Конгрессу удалось, таким образом, восстановить внешний порядок в делах Европы. О немногих общих постановлениях, как-то: отмене торговли неграми, установлении свободы плавания по рекам, протекающим в различных государствах, не стоит и говорить, да, в сущности от такого собрания нельзя было и ожидать большего. Конечно, велика была разница между настроением и надеждами, возбужденными последней войной, и более чем скромной действительностью. Самые могущественные чувствовали это: подписанный и обнародованный 26 сентября 1815 года акт, названный договором и подписанный императорами России и Австрии и королем Пруссии, в трех параграфах заключал обязательства и обещания этих государей, представителей трех главных христианских религий: быть братьями, управлять своими народами и войсками в духе братства, как отцы семействами; народам советовали ежедневно упражняться и укрепляться в обязанностях христианина и приглашали остальных государей примкнуть к этому союзу, названному кратко — Священным союзом.

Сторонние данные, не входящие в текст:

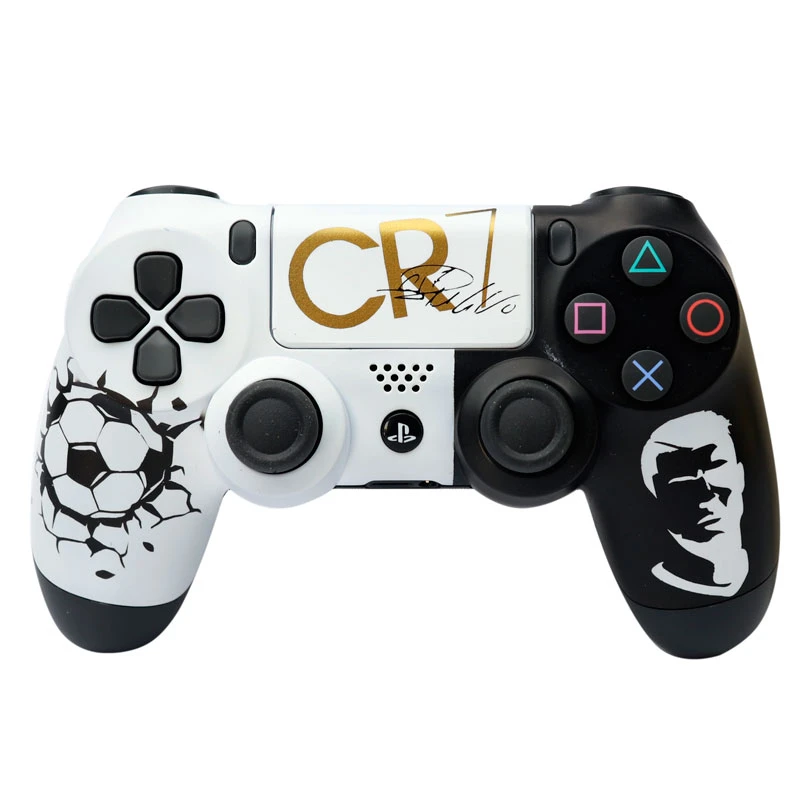 دسته بازی بی سیم SONY PlayStation 4 DualShock 4 High Copy طرح CR7 سفید
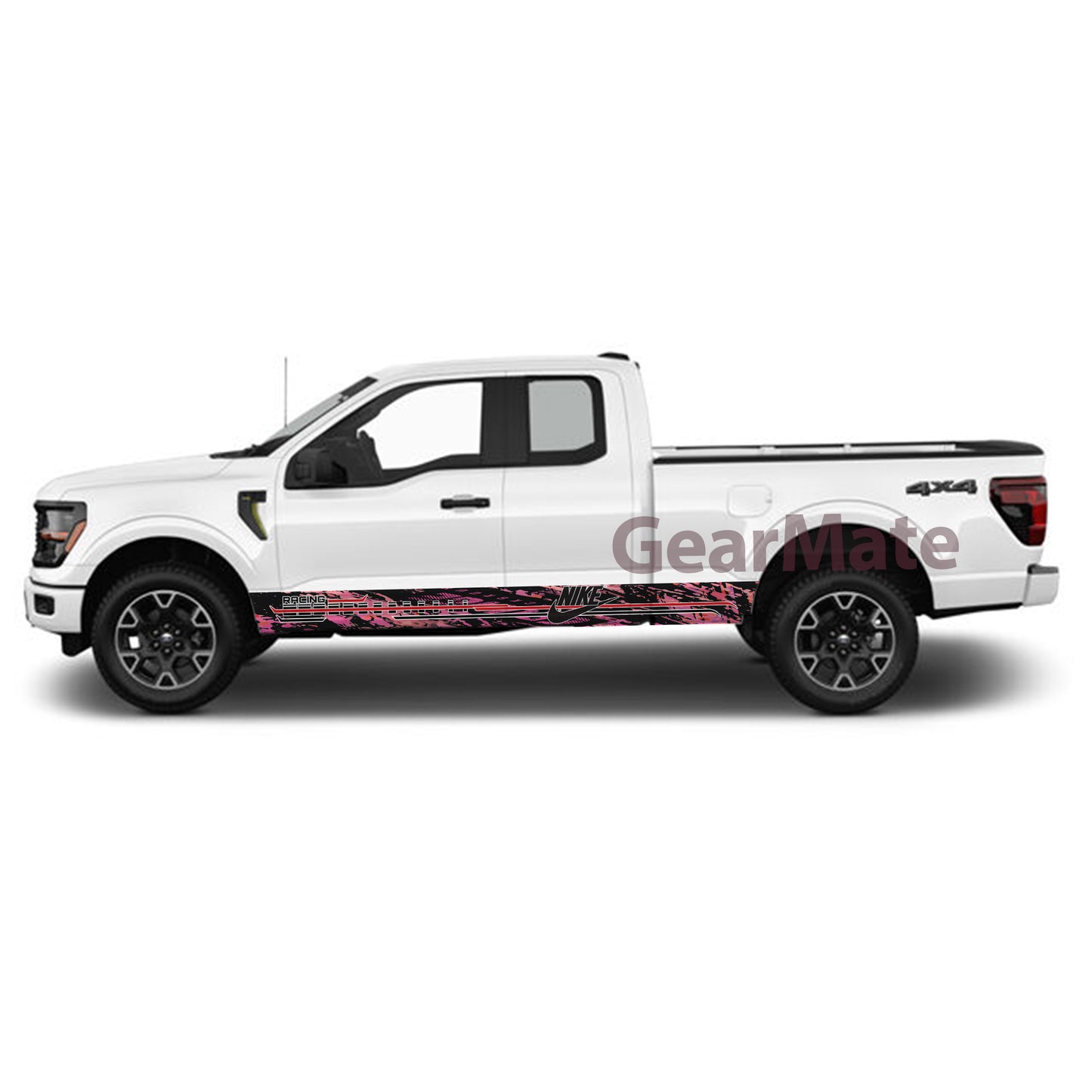 Camouflage Lead the Pack Rocker Panel Graphic Decal Kit (Left & Right Sides) - High Quality Vinyl for Trucks & SUVs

В сущности, это был пустой разговор, так как сам руководитель конгресса, Меттерних, втайне относился к договору непочтительно, называя его пустословием (verbiage). Надо помнить, что значение в мире действительности этих слов о христианстве и братстве было то же, что «братство, свобода и права человека» в якобинском государстве. Примечательно то, что трое государей, один римско-католик, один греко-православный и один протестант — заявили о своей принадлежности к такому христианскому братству, тогда как папа не участвовал в нем вовсе и даже протестовал, впрочем, безуспешно, против такого умиротворения Европы, при котором не могли не санкционировать старинные утраты римской Церкви. Большого значения не имело и это, так как евангельская свобода и христианская терпимость проникают в сердца не сверху, не от великих мира, не по предложению властей духовных или светских, но постепенно зреют в душе и сердце массы и таким образом распространяются в мире.